Using Skillful Surprise in Blog Content Writing

Blog post titles have a multifaceted job to do, arousing readers’ curiosity while still assuring them they’ve come to the right place. One compromise I often suggest to blog content writers is using a two-tiered title, combining a “Huh?” (to get attention) with an “Oh!” (to make clear what the post is actually going to be about).

In the body of a blog post, surprise can be used in a different way. I remember, several years back, listening to Jeff Fleming of the National Speakers Association of Indiana meeting, talking about misdirection as a way of adding humor to a presentation. Fleming explained the “Rule of Three”, in which the first two statements serve as a “set-up”. The third statement is not what the listeners are expecting, he added. That “misdirection”, Fleming said, causes a surprise, which tickles listeners’ funny bones.

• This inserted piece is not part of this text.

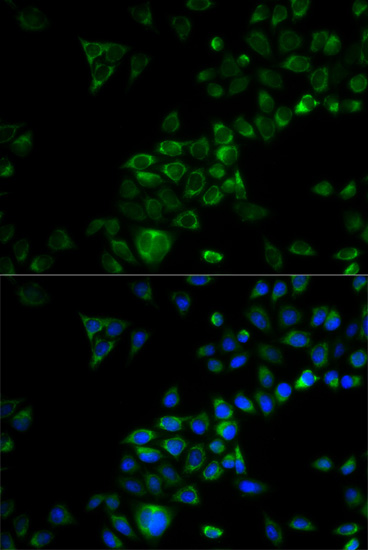 Immunofluorescence analysis of HeLa cells using TRAF3 Polyclonal Antibody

I thought about that Fleming demo the other day when browsing through Coffee House News Indiana:


What has four legs, is big, green, and fuzzy, and, if it fell out of a tree would
hurt you? Answer: a pool table.

Now, as blog content writers offering information about a product or service, we’re not necessarily “into” tickling readers’ funny bones. What we are “into”, of course, is engaging readers and sustaining interest.

To be sure, using humor is an effective way to connect with your audience and humanize your brand or company, as Jason Miller of Social Media Examiner observes. All marketing doesn’t have to be serious, he adds, along with the caveat that “being funny is a risk…Some people might not appreciate your company’s brand of humor!”

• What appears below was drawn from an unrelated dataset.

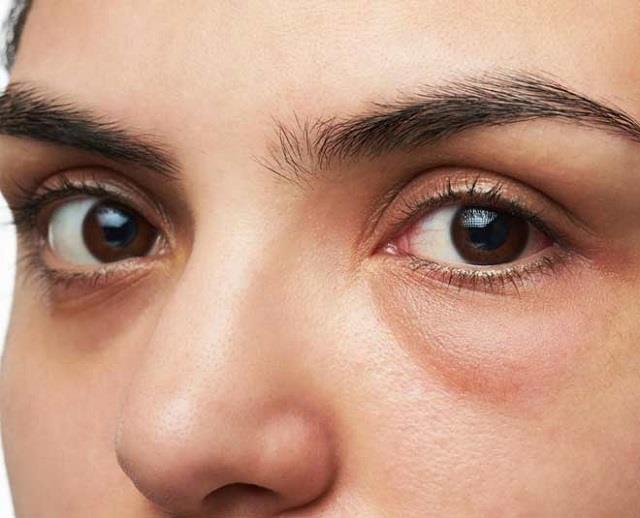 सुबह उठते ही चेहरा पर दिखे फेस Puffiness तो करें ये 3 चीजों का सेवन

So what do I think the bottom line is for using humor and surprise in blogging for business? Well,…barring politics (including company, city, state, national, and international), religion, ethnic groups, physical appearance, food preferences, insider information, and anything anyone might conceive as risque – go right ahead.  But keep the humor centered around your own weaknesses and around the consumers’ problem you’re offering to solve.

As for surprise, it can be highly useful in business blogs. At least some of our readers already know quite a bit about our subject.  What they’re looking for is new perspective on the subject, new ways to connect the dots. People are going to want to do business with people who have something different to say. There’s great power in offering strong recommendations and opinions in a blog.

Surprise them with the strength of your convictions, the depth of your knowledge, and the courage to map out a unique approach to doing business!